According to Tobacco in Australia (team based at Cancer Council Victoria, producing reports and research into reducing the enormous harms caused by smoking), the costs for the supplier to be involved in the illicit tobacco market include:

  • direct costs such as money required to bribe officials or other operators in the illicit trade;
  • opportunity costs such as salary forgone from other possible employment and other potential use of capital (growing land, equipment, factory space, boats and the like); and
  • judgment about the probability of detection in relation to the magnitude of penalties and social opprobrium of being prosecuted.

Last month, two Sydney men pleaded guilty to all charges, and were sentenced for importing and distributing more than 10.6 million illicit cigarettes with an estimated duty evasion of over $13 million. On 12 September, a 63-year-old was sentenced to two years and nine months imprisonment, and a 35-year-old man received 18 months, to be served in the community. This was lauded as a major result for the ITTF, which began investigations in early 2022, focusing on a transnational, organised crime group importing and distributing illicit tobacco. The 63-year-old man was present at the time of the warrants, was arrested and charged with the importation of tobacco products with the intention of defrauding the revenue, contrary to section 233BABAD(1) of the Customs Act 1901 (Cth).

Arguably, the cost of a multi-agency, multi-year investigation, arrest, and trial that resulted in less than three years in prison for either of the two men seems disproportionate in terms of taxpayer investment.

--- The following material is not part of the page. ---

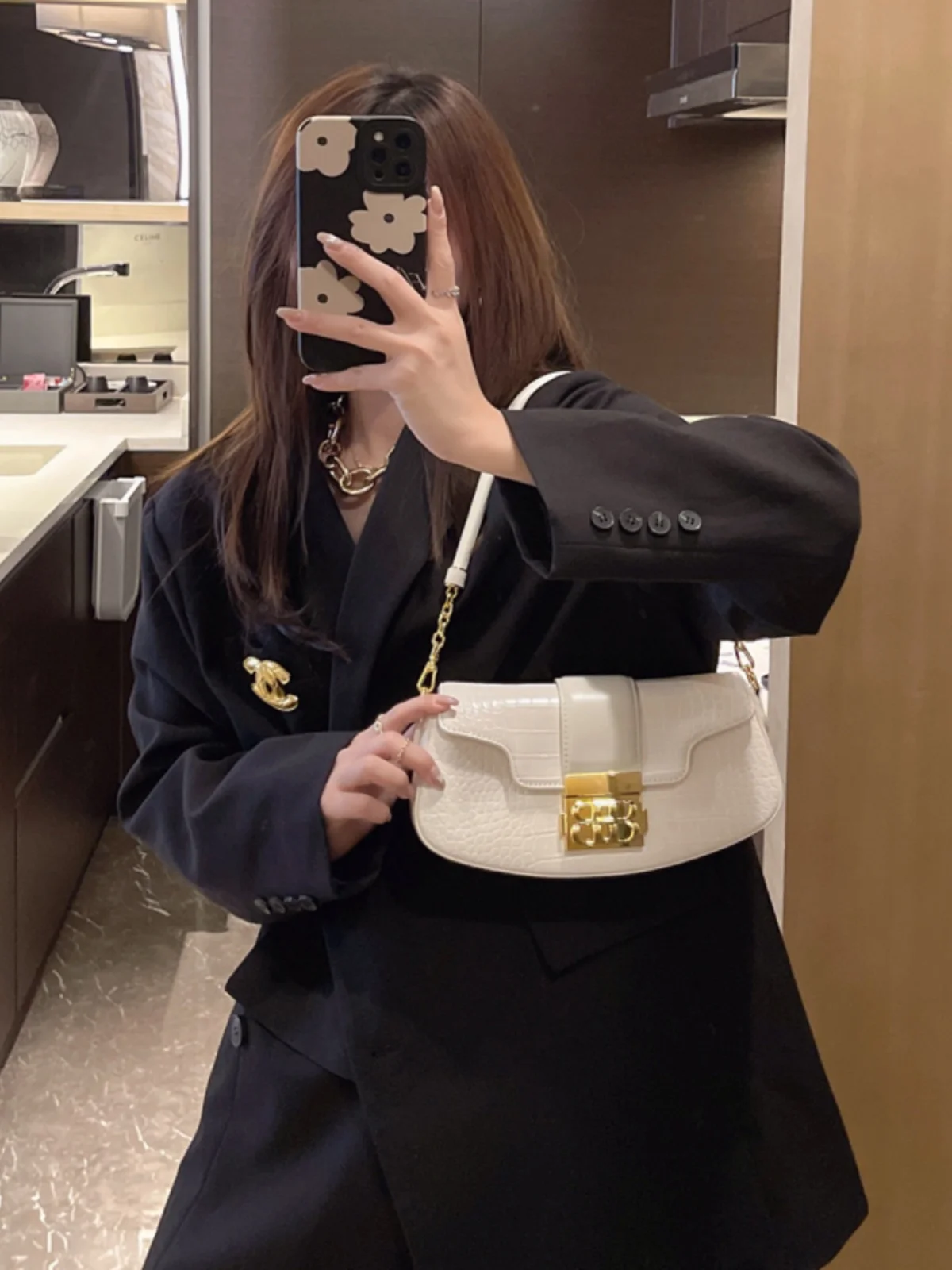 

Fashionable Retro Women's Crossbody Bag Single Shoulder Chain Underarm Bag Hong Kong Fonck Summer New Style British Style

Schmidt says, “I think the ultimate game here is commerce. Especially with the criminal gangs, if there’s a demand, the criminals will make a supply. And not only that, it’s risk averse. [Tobacco] is a legal product seen in a lesser light, resulting in lesser penalties to be caught with it.”

The success of ITNDG ultimately rests with the cross-agency delineation and whether the courts make use of the new maximum sentences.